The Lone Cattail


I went for a walk with my fully medicated dog this morning.  Her pain seems to be well-controlled for now as she hasn't belly-flopped on the floor in days looking at me like, "What happened?" We have found the right dosage of meds for her weak and aging limbs, her kind vet and I.  No longer is her tail tucked between her legs as she ambles around the house like a zombie dog from Night of the Living Dead.  For fourteen years we'd play catch every single day in our wide open front yard.  She'd take off like a bullet shot out of a high-powered machine gun, a blonde blur racing towards the whistling ball.  Then she'd sprint through the air back to me and drop the noisy orange ball at my feet before kicking it with her right front left paw.  But the arthritis of age is getting to her these days.  I launch the ball and she just looks at me like, "No thanks.  I'll be laying right here in the sun."  So to get her daily dose of exercise, we've started to take slow walks around the neighborhood.  Which I love.  The walks we used to take were all about me and my heart health.  She just came along for the fun of it and because she hated to be left behind.  We'd fast walk for 45 minutes with me tugging on her lease while she peed.  Or yelling at her to "Leave it!" when she could hear but was ignoring me, obsessed by the allure of some critter's trail she was smell tracking.  But no more.  Now the two of us amble the neighborhood, greeting other dogs, chatting with neighbors, noticing the mostly green world around us.  It's ok to slow down.  On today's walk I saw this regal 10 foot talk cattail.  Ten feet tall.  How have I not see that before?  Odd to see it on the side of the road here in the woods since it's considered an aquatic plant.  But unseen standing water must give life to this reed.
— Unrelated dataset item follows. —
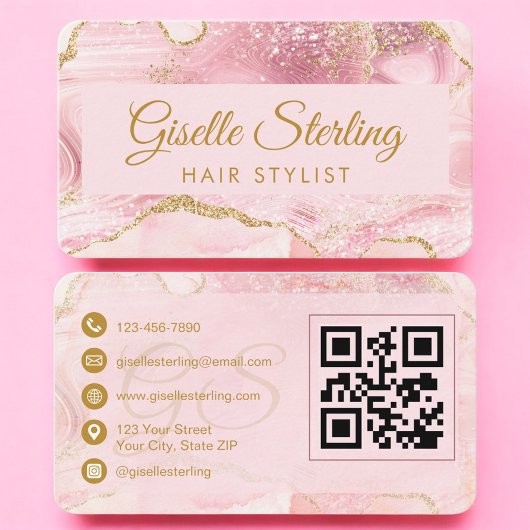 QR Code Hair Stylist Blush Pink Gold Agate  Visitenkarte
Just that thought makes me smile.  Cattails are associated with the number 1. The number representative of beginnings.  Just don't give cattails to a British person to put in their house as it's considered a harbinger of death.  Life and death.  These themes are unescapable.  I feel like bowing to this lone, graceful reed that I've never noticed before even though I've lived in my neighborhood for seven years.  Driven this road a thousand and ten times.  I also bow to my dog for in her need for a slower pace I am noticing so much life around me.